Learning From the Global Family of God

Learning From the Global Family of God

We were all ready. We’d just finished seminary and had a sense of excitement about the future. One of my classmates was “Sam.” Sam and I had both been to southeast Asia during a short term a few years before. He sensed God’s call to return, so he was on his way to China as a professional and he has been there (or near there) pretty much since.

After years of language learning to become barely comfortable enough to try, Sam met with a believing family and sought to help them grow in their understanding of the Bible. He and the father, “Lee,” didn’t agree on certain areas of doctrine or practice, but they remained friends as Sam loved and accepted him. This impressed Lee, because at times, Chinese believers split over the smallest things. Lee had not seen this kind of commitment for the sake of the Gospel and their relationship. Both of them were learning lessons.

As is typical, Lee and his wife both had to work. In order to be with his children, Lee took a job working at night in a coal power plant. He would shovel coal to keep the plant running. In between shoveling, he would read his Bible.

All night long.

As Sam reflected on this with me recently, he noted that he was pretty sure that Lee knew a lot more about the Bible than he did. Yet Lee was gracious and thankful for Sam’s faithfulness and friendship. Of course, Lee was faithful to his family and to the Lord. At one point, he was arrested and spent a few months in jail. Thankfully it was not longer.

As Sam and I talked further, we were considering the things we’d learned since those days in seminary. Sam’s becoming fluent in Mandarin taught him a different perspective on, among other things, the Greek and Hebrew we had learned in seminary. Life has a way of providing wisdom and perspective over time, if we are willing to learn.

All too often, however, we get entrenched into our own perspective. We can’t imagine how someone else might view something differently. We might, for example, say to this family in China, “Why doesn’t the wife stay at home? They must be doing something wrong, if she can’t be with her children when they are young.” We draw the line in the sand, or in stone. Moms who don’t stay at home are automatically out of God’s will, right? Now we are polarized.
Actually, Sam felt they loved and cared for their three daughters more than many “stay at home moms” in the states. All three are serving the Lord in various kinds of ministries now. Of course staying at home is not a clear, Biblical requirement of God’s people.
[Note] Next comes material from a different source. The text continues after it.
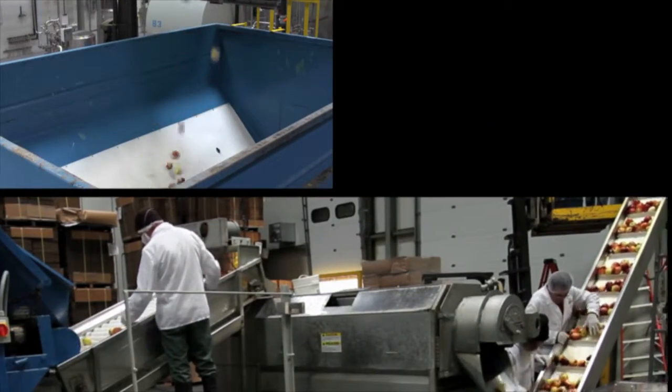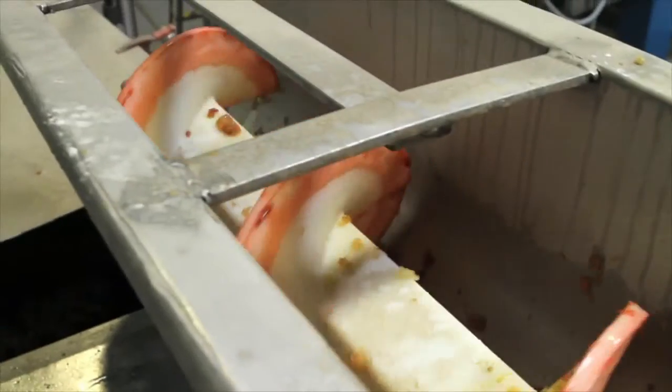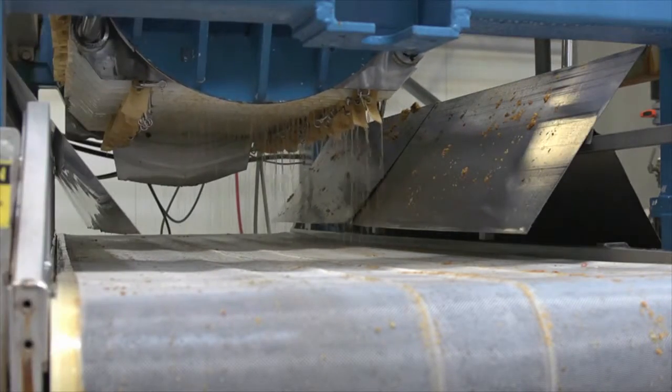But it all starts with the fruit, ripe and bursting with all natural flavor. Then the hard part — just keep it simple. We chop our fruit and press it in a state of the art rack and cloth press. True cold pressing.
Certainly, Lee and his family are not living above their means like many here do. Lee’s family was barely making it financially.
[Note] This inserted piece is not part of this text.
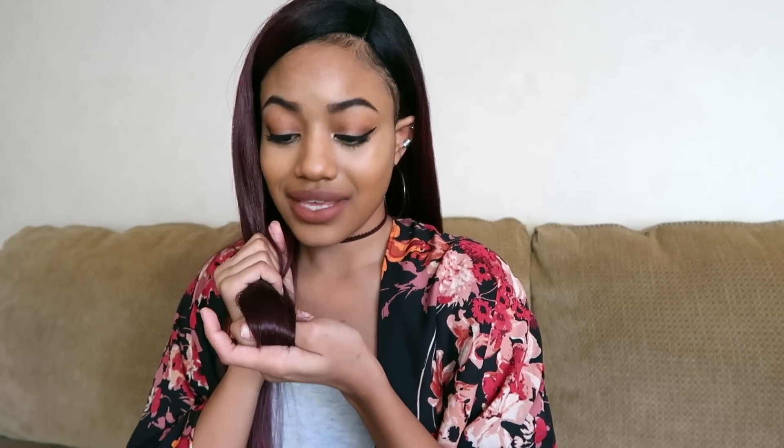It looks super flat, and my braids underneath are not that flat at all. Look at this — you can do a nice side pony, and mind you, I didn't do anything to this part at all. I only have my baby hairs out. It doesn't look too shiny at all, it's super soft, and there's no type of tackiness to it.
When we get polarized over issues in Christian circles, it terminates learning. We draw our line in the sand and cover our ears on issues that are simply clear to us. We value areas of practice over relationships—like “worship wars” in many churches. While we like it black and white, there seems to be many more areas that are gray than we would like to cope with.

I hold my foundational views firmly, but lightly. I don’t push them on others. I work with those who don’t push their views on me.

Relating to brothers and sisters from other cultures who do not hold to all of our perspectives helps us learn more about what God is doing around the globe. It has solidified my own perspective in the process, as well as expanded my thinking in new areas. By considering the perspective of faithful, God and Bible-pursuing people from different backgrounds, we are taught new lessons in the family of God.